Effects of pH Values of Hydrogen Peroxide Bleaching Agents on Enamel Surface Properties
This study investigated the influence of pH values of bleaching agents on the properties of the enamel surface. Sixty freshly extracted premolars were embedded in epoxy resin and mesiodistally sectioned through the buccal aspect into two parts. The sectioned slabs were distributed among six groups (n=10) and treated using different solutions. Group HCl was treated with HCl solution (pH=3.0) and served as a positive control. Group DW, stored in distilled water (pH=7.0), served as a negative control. Four treatment groups were treated using 30% hydrogen peroxide solutions with different pH values: group HP3 (pH=3.0), group HP5 (pH=5.0), group HP7 (pH=7.0), and group HP8 (pH=8.0). The buccal slabs were subjected to spectrophotometric evaluations. Scanning electron microscopy investigation and Micro-Raman spectroscopy were used to evaluate enamel surface morphological and chemical composition alterations. pH value has a significant influence on the color changes after bleaching (p<0.001). Tukey's multiple comparisons revealed that the order of color changes was HP8, HP7>HP5, HP3>HCl>DW. No obvious morphological alterations were detected on the enamel surface in groups DW, HP7, and HP8. The enamel surface of groups HCl and HP3 showed significant alterations with an erosion appearance. No obvious chemical composition changes were detected with respect to Micro-Raman analysis. Within the limitations of this study, it was concluded that no obvious morphological or chemical composition alterations of enamel surface were detected in the neutral or alkaline bleaching solutions. Bleaching solutions with lower pH values could result in more significant erosion of enamel, which represented a slight whitening effect.SUMMARY
INTRODUCTION
The use of bleaching agents such as hydrogen peroxide (HP) or carbamide peroxide (CP), for esthetic purposes, has gained worldwide popularity because of their efficacy in whitening teeth at minimal expense and invasion of dental hard tissues.1 Color alteration is the most noticeable evidence in a bleaching procedure; however, the mechanisms of the whitening effects are far from clear.2,3 As understood thus far, two possible approaches of teeth bleaching have been proposed: chemical composition alterations and erosion of tooth hard tissue.4,5 Chemical composition alterations of bleached teeth have been shown by several studies using energy dispersive spectroscopy,6 x-ray diffraction,7 or infrared spectroscopy.8 It was considered to be the penetration effect that peroxide radicals, which are generated by the degradation of hydrogen peroxide on the enamel surface, penetrate the enamel/dentin and break down the pigment of the discolored dentin.9 With respect to erosion of tooth hard tissue, however, general agreement has not been reached. Most scanning electron microscopy (SEM) studies of enamel bleached with CP or HP show little or no change in enamel morphology.10 Shallow erosion,11 increased porosity,12 or more substantial changes in enamel structure have also been reported.13,14 Micro computed tomography (Micro-CT) analysis has revealed that the density of enamel decreased after bleaching treatment, which was considered to be the dissolution or demineralization of enamel.15,16 These studies indicated that erosion of enamel might occur during bleaching procedures. It should be noted that the bleaching agents used in these studies exhibited various pH values, which might be the possible explanation for these controversial results.

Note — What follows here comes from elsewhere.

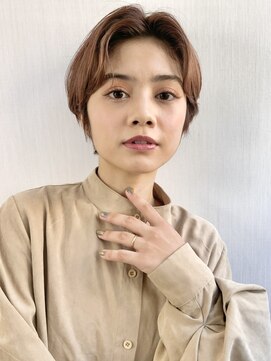 ヒルネ(hirune) センター分けハンサムショート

Nevertheless, there are few published articles regarding the effects of pH values on the bleaching procedure. Therefore, the aim of the present study was to investigate the effects of 30% hydrogen peroxide solutions with different pH values on enamel surface morphology, chemical composition, and color. The null hypothesis of this study was that pH values of bleaching agents have no significant influence on the outcomes of tooth-bleaching procedures.
MATERIALS AND METHODS
This study was approved by the Ethics Committee of the School and Hospital of Stomatology, Wuhan University. Sixty noncarious human premolars freshly extracted for orthodontic reasons and free from enamel defects were included in this study. Discolored teeth, such as tetracycline stained teeth or teeth with fluorosis, were excluded. Patients from whom teeth were being extracted were asked to read and sign a consent form prior to the extraction. The teeth were cleaned thoroughly and stored in 0.5% thymol at 4°C until required. All of the teeth were collected within two weeks and stored for no longer than three weeks.
Specimen Preparation
All of the teeth were embedded into translucent epoxy resin and longitudinally sectioned near the buccal surface from the mesiodistal direction using a diamond rotary cutting instrument (SP1600, Leica Microsystems GmbH, Wetzlar, Germany). One buccal enamel part and one major part were obtained from each tooth. To ensure the section plane was located within the enamel layer, the thickness of the buccal part was limited to less than 0.7 mm (Figure 1). Because of the destruction of some buccal parts, only 33 buccal parts were obtained. The sectioned surfaces were polished using 800-, 1200-, 2000-, and 2500-grit silicon carbide paper under water flushing to obtain standardized flat enamel surfaces.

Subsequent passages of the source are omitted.